EXERCISE OBJECTIVE
Look below for the line with "This is exactly"; begin the copy there and stop after the line with "Hello world! Welcome", keeping the text exact and the pictures out.

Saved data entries

*** Begin section ***

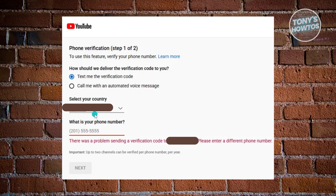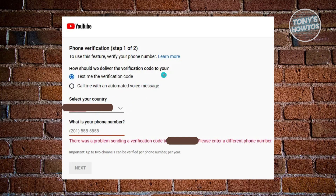Now, if that doesn't work for you, the next thing you can try is to use the other option here, which is 'Call me with an automated voice message.' Sometimes I've actually experienced this before — I tried using the text me verification option, but it doesn't necessarily text me the message and I sometimes get this issue. So what you need to do is select 'Call me with automated voice message,' enter your phone number here, click on Next, and see if YouTube verification calls you.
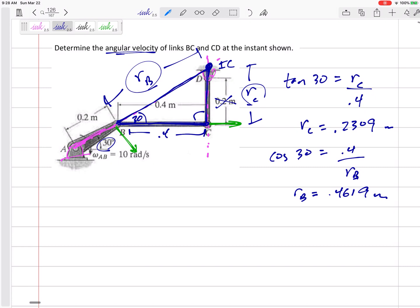Make sure that makes sense — does it seem like RB would be the larger of those three sides? Yeah. And so RC is 0.23, so it is not at point D. Point D is just 0.2; the instantaneous center is above it at 0.2309.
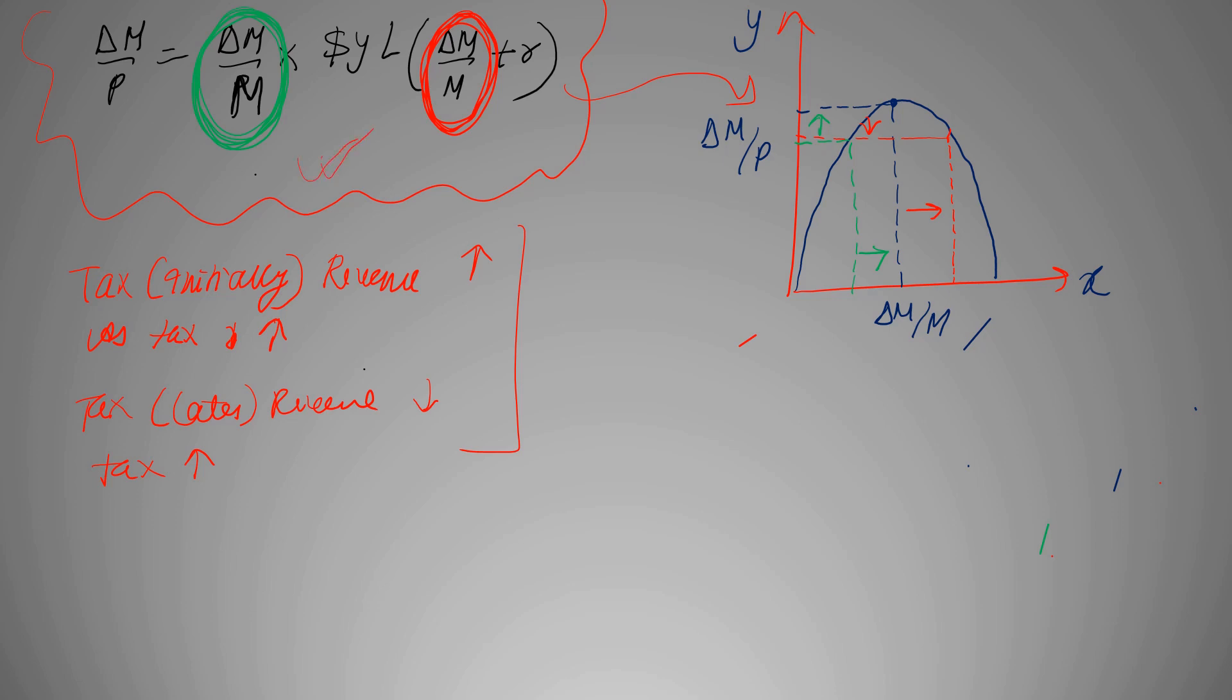This is exactly what happens in case of seigniorage. Initially when money supply is increased, your seigniorage will increase. But after a certain period when people start to think that inflation has started to rise a lot due to this increase in money supply, they'll start to keep their currency in form of checkable deposits, which will lead to decrease in seigniorage. So can we say that the behavior of taxes and seigniorage seems to be kind of same?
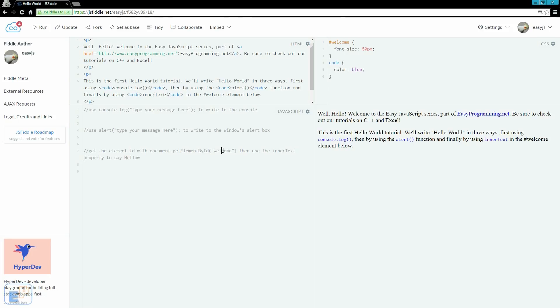Hello world! Welcome to the second easy JavaScript tutorial part of easyprogramming.net. Today I want to briefly go over three different ways that you can output text onto your screen.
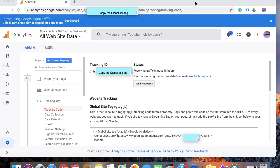Once you click on tracking code, you will be able to see something which says global site tag under website tracking. Go ahead and copy the entire global site tag.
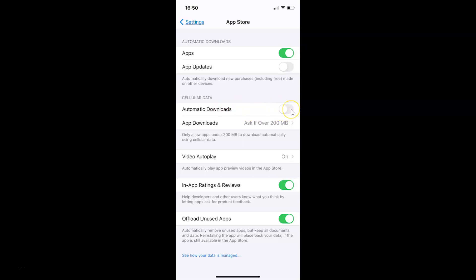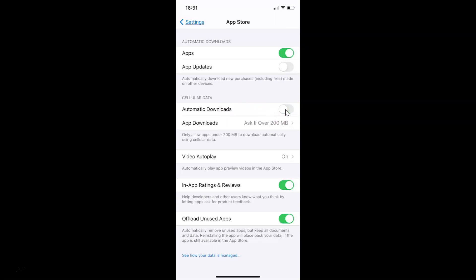To enable Automatic Downloads, tap the toggle next to it and move the slider to the right — it's now enabled. Whenever you want to disable it, tap the toggle again and move the slider to the left — it's now disabled.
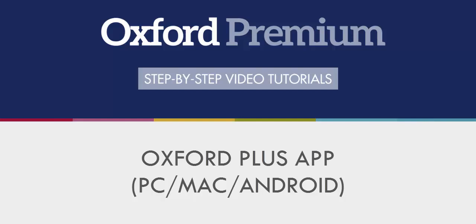This short video will show you how to use and activate digital products on the Oxford Plus app for PC, Mac or Android.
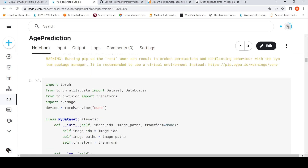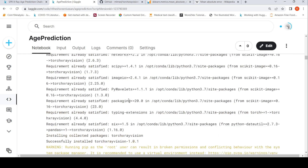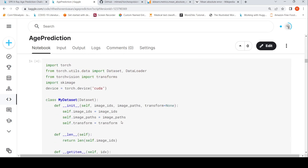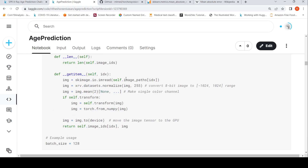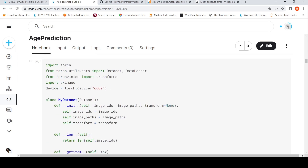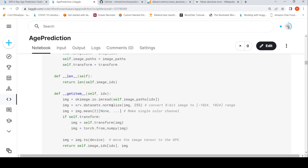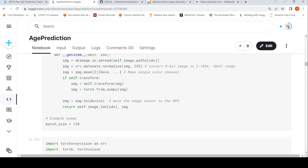I'll be using TorchXRayVision pre-trained models. I create a dataset class that accepts a list of image IDs and image paths. The get_item method reads each image, normalizes it from an 8-bit image to the minus 1024 to 1024 range, makes it a single color channel, and applies transformations. The class extends PyTorch's torch.utils.data.Dataset, and the batch size is 128.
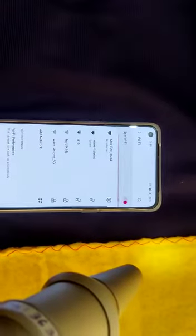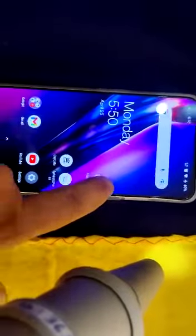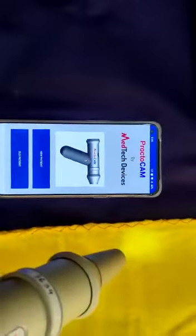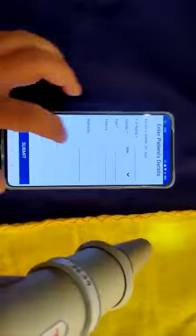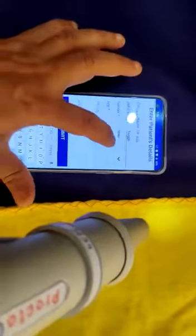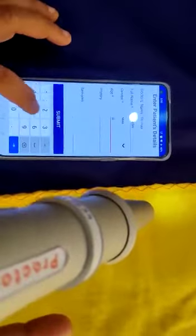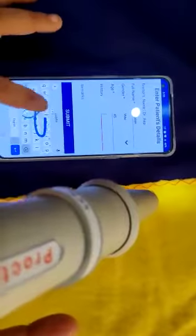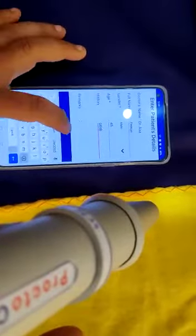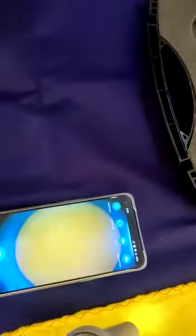Once paired, go to ProctoChem app, enter patient details, and online mode you are ready. So you can see.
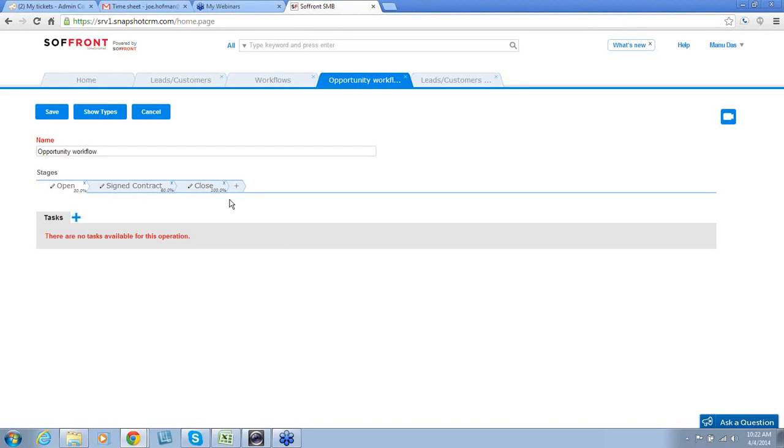So this is how you define your opportunity workflow. If you have additional questions, click on the Help button where you can insert your question and send us a message.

*** End section ***

TASK RESPONSE
This is exactly what happens in case of seigniorage. Initially when money supply is increased, your seigniorage will increase. But after a certain period when people start to think that inflation has started to rise a lot due to this increase in money supply, they'll start to keep their currency in form of checkable deposits, which will lead to decrease in seigniorage. So can we say that the behavior of taxes and seigniorage seems to be kind of same?
Hello world! Welcome to the second easy JavaScript tutorial part of easyprogramming.net. Today I want to briefly go over three different ways that you can output text onto your screen.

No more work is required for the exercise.